In order to allow traffic to traverse between the clustered devices, at least one fabric interface per node must be configured (up to two per node is allowed). In our case we will configure this up on port 5 so that it is adjacent to the other special purpose ports. There are two "fab" virtual interfaces on the cluster, fab0 associated to node 0 and fab1 associated with fab1:

{primary:node0}[edit]
root# set interfaces fab0 fabric-options member-interfaces fe-0/0/5
{primary:node0}[edit]
root# set interfaces fab1 fabric-options member-interfaces fe-1/0/5


Note that ports on node 0 are denoted by fe-0/x/x while ports on node 1 are denoted by fe-1/x/x. If you want a dual fabric (either for resilience or to cope with a lot of inter-chassis traffic in the event of a failover) then just add the second interface on each side in exactly the same way.

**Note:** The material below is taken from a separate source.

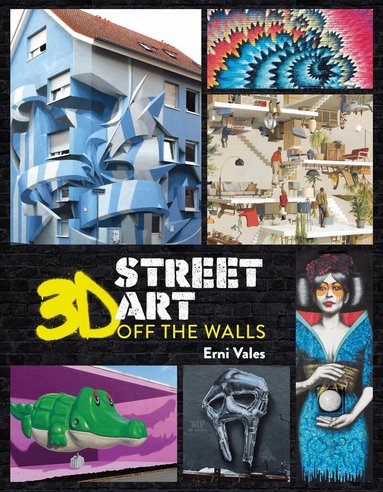 Erni Vales - 3D Street Art, Inbunden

Redundant Ethernet (reth) Interfaces


In order to be highly available, each traffic interface needs to have a presence on node 0 and node 1 (otherwise interfaces would be lost when a failover occurs). In the SRX chassis cluster world, this pairing of interfaces is done using a redundant Ethernet or "reth" virtual interfaces.

The first step in configuring redundant Ethernet interfaces is to decide how many are allowed (similar to ae interfaces):

{primary:node0}[edit]
root# set chassis cluster reth-count 5


Next we configure the member interfaces that will belong to each reth (note: on higher end SRX this will be gigether-options or ether-options rather than fastether-options):

{primary:node0}[edit]
root# set interfaces fe-0/0/0 fastether-options redundant-parent reth0
{primary:node0}[edit]
root# set interfaces fe-1/0/0 fastether-options redundant-parent reth0


...and assign the reth to a redundancy group (mentioned earlier):

{primary:node0}[edit]
root# set interfaces reth0 redundant-ether-options redundancy-group 1


At this point the reth can be configured like any other routed interface - units, address families, security zones, etc. are all used in exactly the same way as a normal port.

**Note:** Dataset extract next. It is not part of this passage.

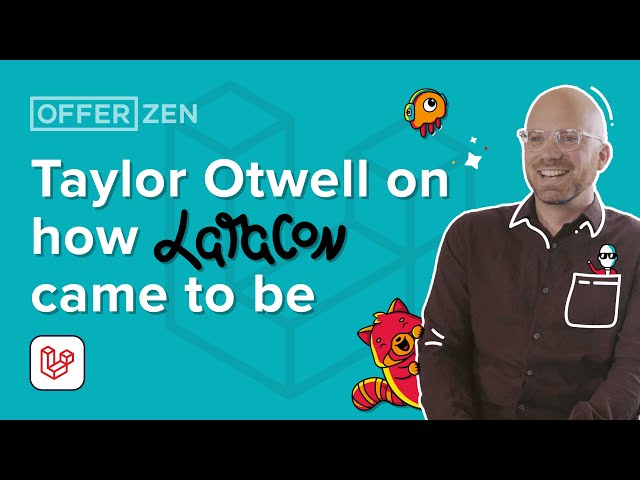 Taylor Otwell on how Laracon came to be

For reference, here's the full configuration as used in the video:

set groups node0 system host-name SRX-top
set groups node0 interfaces fxp0 unit 0 family inet address 172.16.1.1/24
set groups node1 system host-name SRX-bottom
set groups node1 interfaces fxp0 unit 0 family inet address 172.16.1.2/24
set apply-groups "${node}"
set system root-authentication encrypted-password "$1$X8eRYomW$Wbxj8V0ySW/5dQCXrkYD70"
set chassis cluster reth-count 5
set chassis cluster redundancy-group 0 node 0 priority 100
set chassis cluster redundancy-group 0 node 1 priority 50
set chassis cluster redundancy-group 1 node 0 priority 100
set chassis cluster redundancy-group 1 node 1 priority 50
set interfaces fe-0/0/0 fastether-options redundant-parent reth0
set interfaces fe-0/0/1 fastether-options redundant-parent reth1
set interfaces fe-1/0/0 fastether-options redundant-parent reth0
set interfaces fe-1/0/1 fastether-options redundant-parent reth1
set interfaces fab0 fabric-options member-interfaces fe-0/0/5
set interfaces fab1 fabric-options member-interfaces fe-1/0/5
set interfaces reth0 redundant-ether-options redundancy-group 1
set interfaces reth0 unit 0 family inet address 10.10.10.10/24
set interfaces reth1 redundant-ether-options redundancy-group 1
set interfaces reth1 unit 0 family inet address 192.168.0.1/24
set security nat source rule-set trust-to-untrust from zone trust
set security nat source rule-set trust-to-untrust to zone untrust
set security nat source rule-set trust-to-untrust rule nat-all match source-address 0.0.0.0/0
set security nat source rule-set trust-to-untrust rule nat-all then source-nat interface
set security policies from-zone trust to-zone untrust policy allow-all match source-address any
set security policies from-zone trust to-zone untrust policy allow-all match destination-address any
set security policies from-zone trust to-zone untrust policy allow-all match application any
set security policies from-zone trust to-zone untrust policy allow-all then permit
set security zones security-zone untrust interfaces reth0.0
set security zones security-zone trust interfaces reth1.0


Checking and Troubleshooting


Now that the configuration is in place,  we should verify its status. There are a number of commands we can use to check the operation of chassis cluster, probably the most frequently used one would be "show chassis cluster status":

{primary:node0}
root@SRX-top> show chassis cluster status
Monitor Failure codes:
    CS  Cold Sync monitoring        FL  Fabric Connection monitoring
    GR  GRES monitoring             HW  Hardware monitoring
    IF  Interface monitoring        IP  IP monitoring
    LB  Loopback monitoring         MB  Mbuf monitoring
    NH  Nexthop monitoring          NP  NPC monitoring
    SP  SPU monitoring              SM  Schedule monitoring

Cluster ID: 1
Node   Priority Status         Preempt Manual   Monitor-failures

Redundancy group: 0 , Failover count: 1
node0  100      primary        no      no       None
node1  50       secondary      no      no       None

Redundancy group: 1 , Failover count: 1
node0  100      primary        no      no       None
node1  50       secondary      no      no       None


From this you can see the configured priority for each node against each redundancy group, along with its operational status (i.e. whether it is acting as the primary or secondary).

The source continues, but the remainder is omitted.